A country always impressive by the severe
beauty of its outlines; sometimes speaking to the heart in radiant
stillness, its moments of repose mirthful sometimes, inspiring
joyous life, with the gleams of its vast sky, the sweet, keen breath
of its heaths and pastures; but for the most part shadowed,
melancholy, an austere nurse of the striving spirit of man, with
menace in its mountain-rack, in the rushing voice of its winds and
torrents.
Here, in a small, plain cottage, stone-walled, stone-roofed, looking
over the wide and deep hollow of a stream--a beck in the local
language--which at this point makes a sounding cataract on its
course from the great moor above, lived Jerome Otway. It had been
his home for some ten years. He lived as a man of small but
sufficient means, amid very plain household furniture, and with no
sort of social pretence. With him dwelt his wife, and one
maidservant.
On an evening of midsummer, still and sunny, the old man sat among
his books; open before him the great poem of Dante.
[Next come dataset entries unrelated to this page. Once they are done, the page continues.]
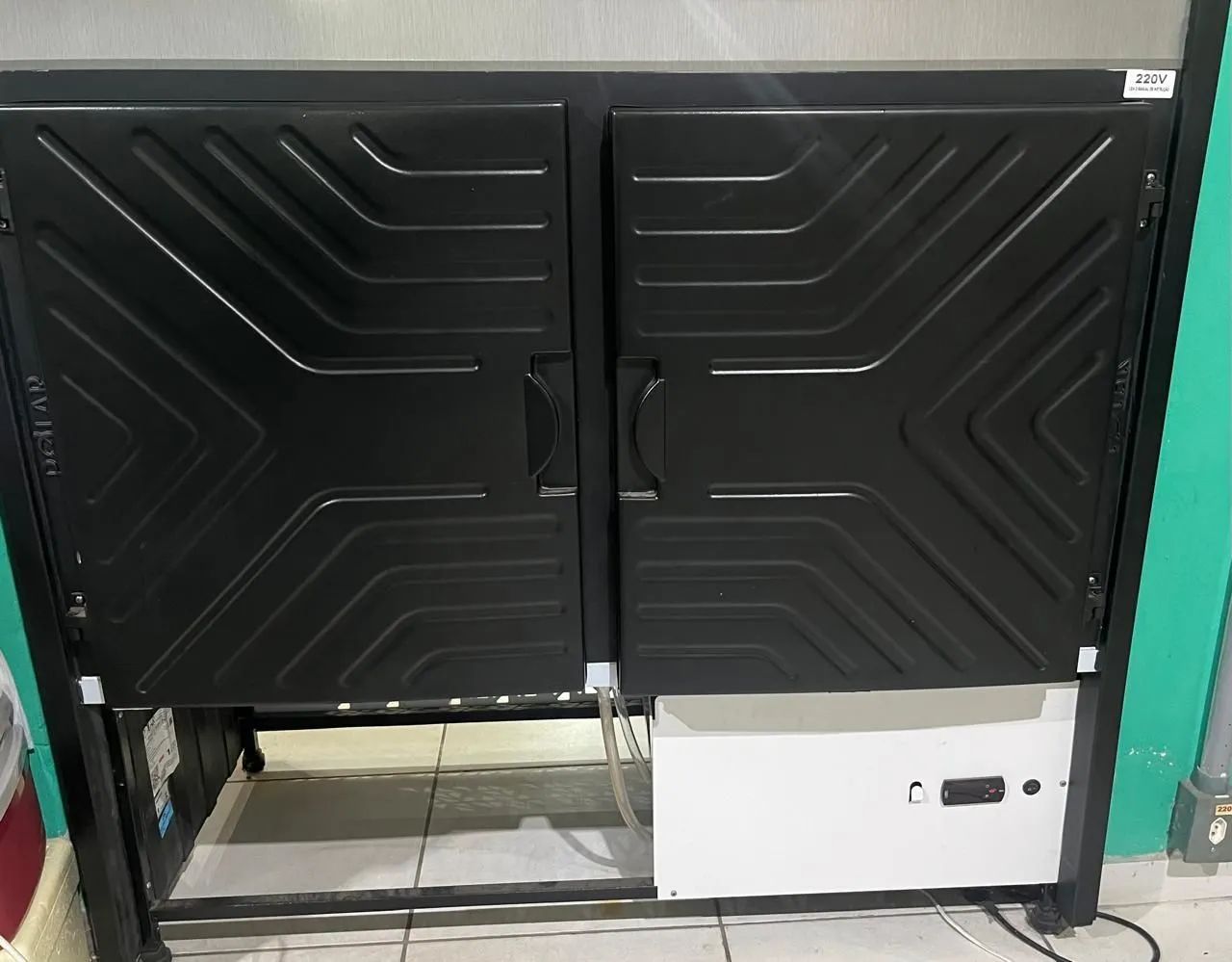 Expositor Refrigerado Polar Platinum - Foto 4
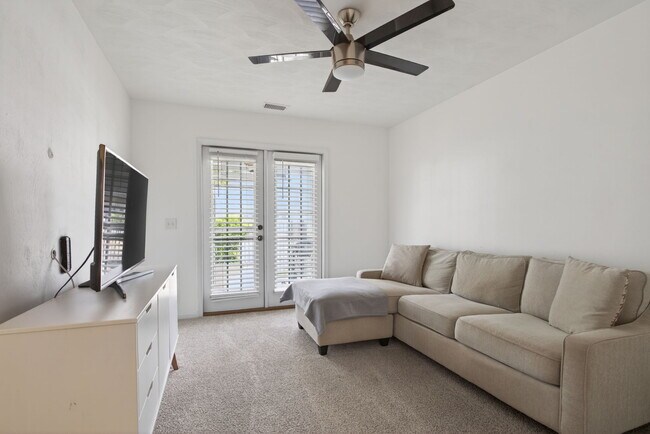 Building Photo - 207 Hearthstone Rch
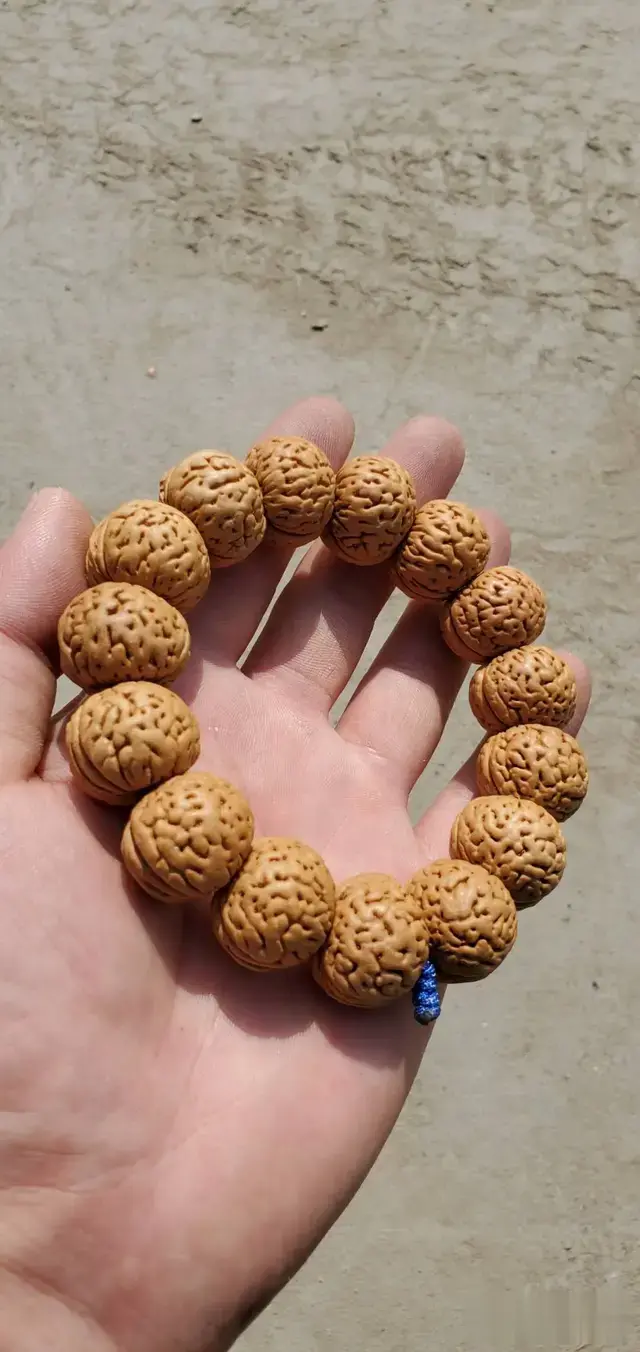 脑纹桃核|新买的脑纹桃核手串该如何盘玩？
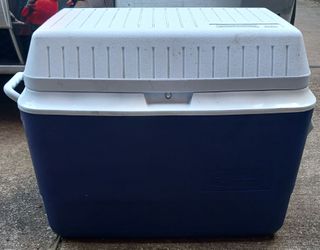 VINTAGE RUBBERMAID 56 QUART BLUE & WHITE COOLER
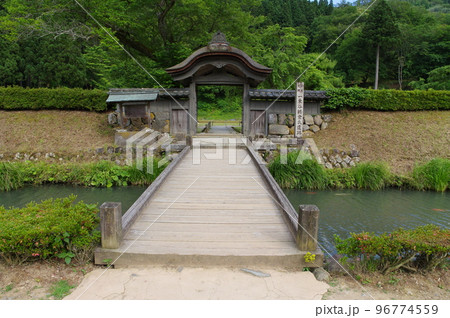 一乗谷朝倉氏遺跡　唐門 96774559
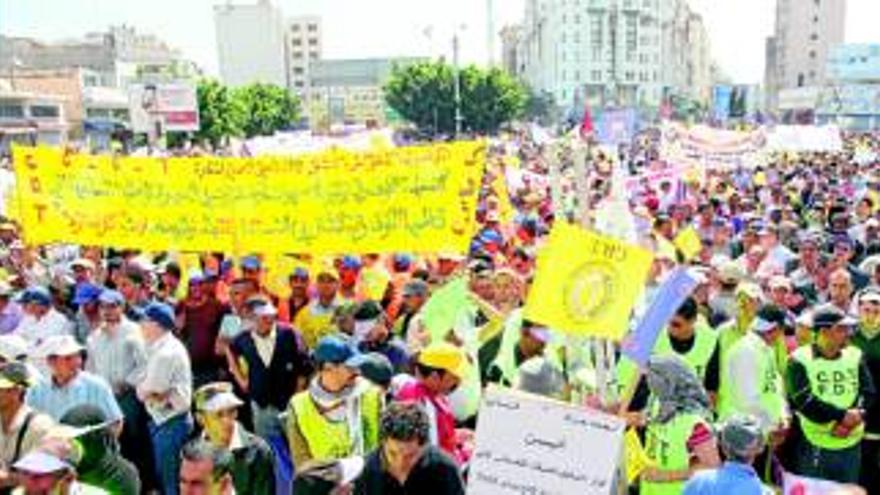 Miles de marroquíes inundan Casablanca para pedir mejoras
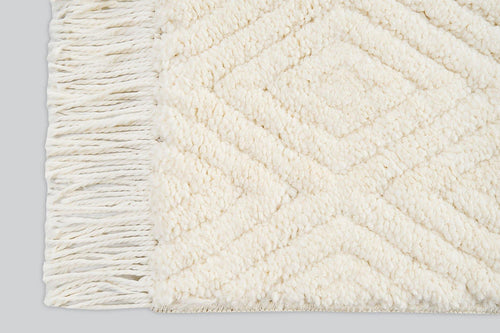 Geometric Area Rug – Machine Made Cream Rug with Soft 21 mm Pile Height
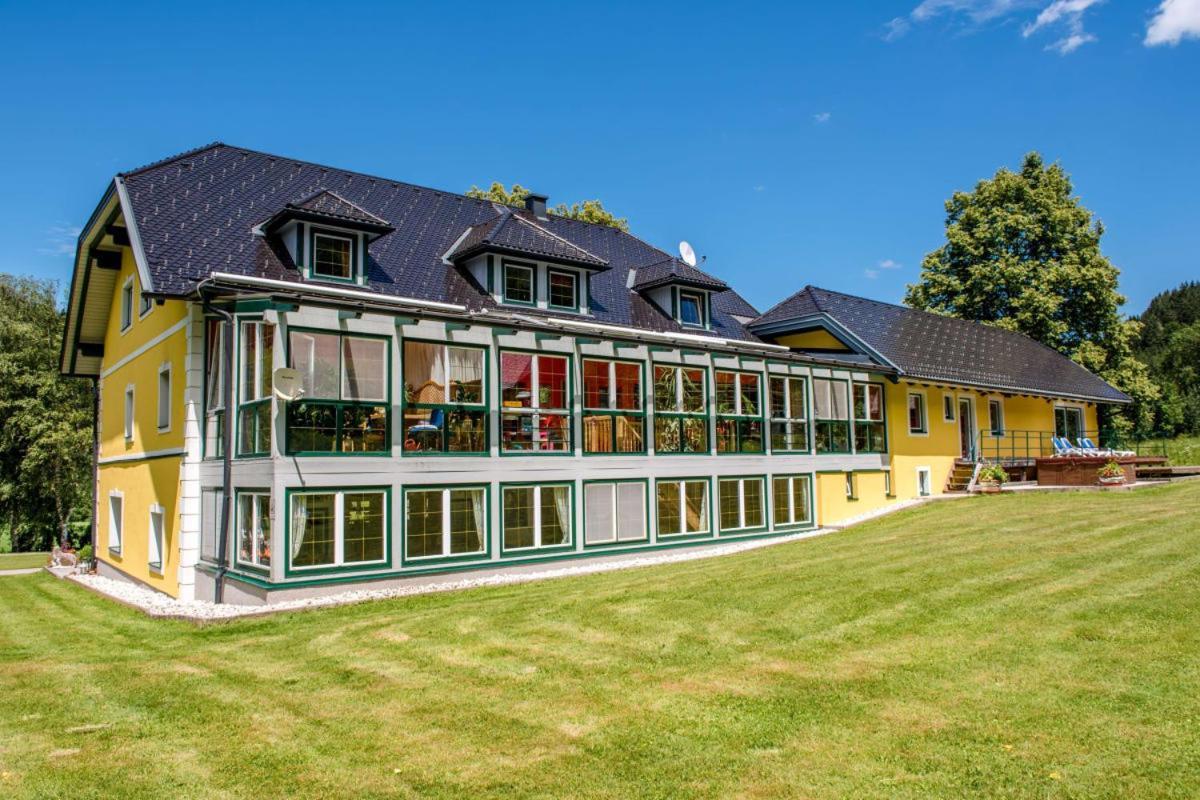 Huette Zum Verlieben Gurk Exteriör bild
His much-lined
face, austere in habitual expression, yet with infinite
possibilities of radiance in the dark eyes, of tenderness on the
mobile lips, was crowned with hair which had turned iron-grey but
remained wonderfully thick and strong; the moustache and beard, only
a slight growth, were perfectly white. He had once been of more than
average stature; now his bent shoulders and meagre limbs gave him an
appearance of shortness, whilst he suffered on the score of dignity
by an excessive disregard of his clothing.